[PATCH nft 14/14] tests/shell: check diff in "maps/typeof_maps_0" and "sets/typeof_sets_0" test

netfilter-devel.vger.kernel.org archive mirror
 help / color / mirror / Atom feed

From: Thomas Haller <thaller@redhat.com>
To: NetFilter <netfilter-devel@vger.kernel.org>
Cc: Thomas Haller <thaller@redhat.com>
Subject: [PATCH nft 14/14] tests/shell: check diff in "maps/typeof_maps_0" and "sets/typeof_sets_0" test
Date: Mon, 18 Sep 2023 12:28:28 +0200	[thread overview]
Message-ID: <20230918102947.2125883-15-thaller@redhat.com> (raw)
In-Reply-To: <20230918102947.2125883-1-thaller@redhat.com>

These tests run different variants based on NFT_TEST_HAVE_osf support.
Consequently, we cannot check the pre-generated diff.

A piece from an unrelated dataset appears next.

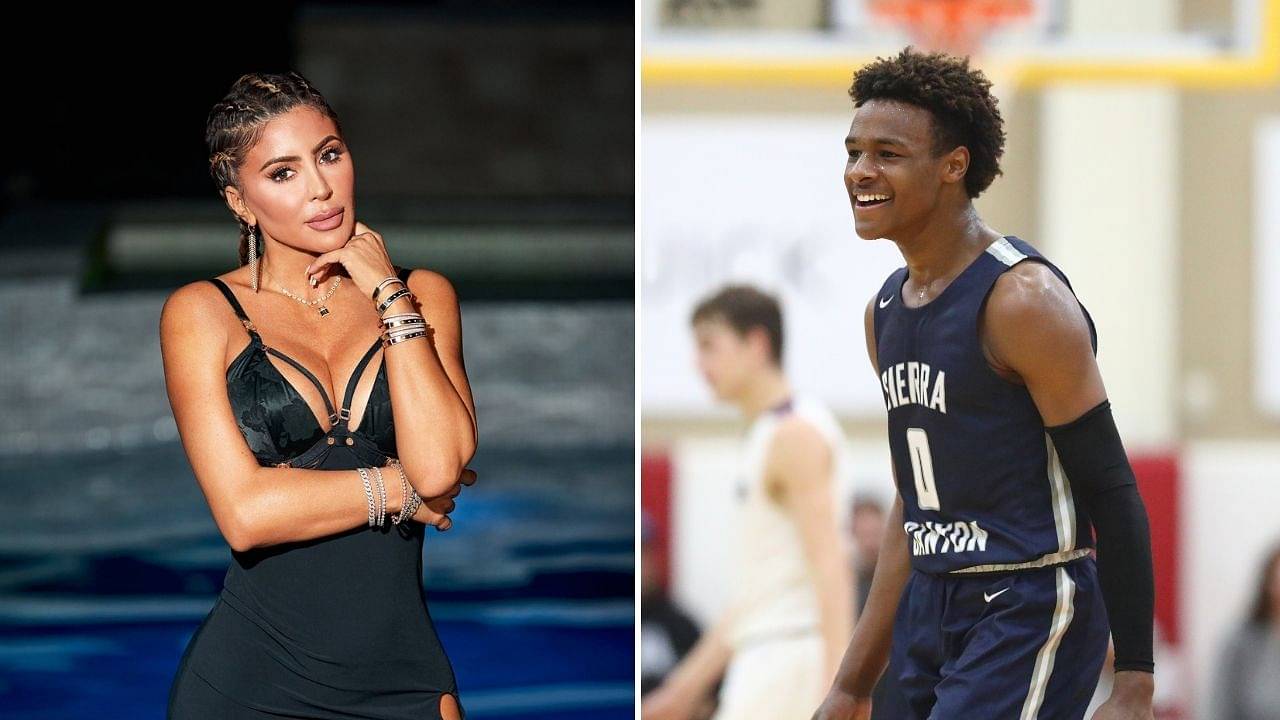 "Y'all are just childish": LeBron James' son Bronny James lashes out at fans trolling him for 'thirsting after' Larsa Pippen on Instagram story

Instead, construct what we expect dynamically in the script, and compare
the ruleset against that.

Signed-off-by: Thomas Haller <thaller@redhat.com>
---
 tests/shell/testcases/maps/typeof_maps_0 |  75 ++++++++++---
 tests/shell/testcases/sets/typeof_sets_0 | 133 ++++++++++++++++++++---
 2 files changed, 177 insertions(+), 31 deletions(-)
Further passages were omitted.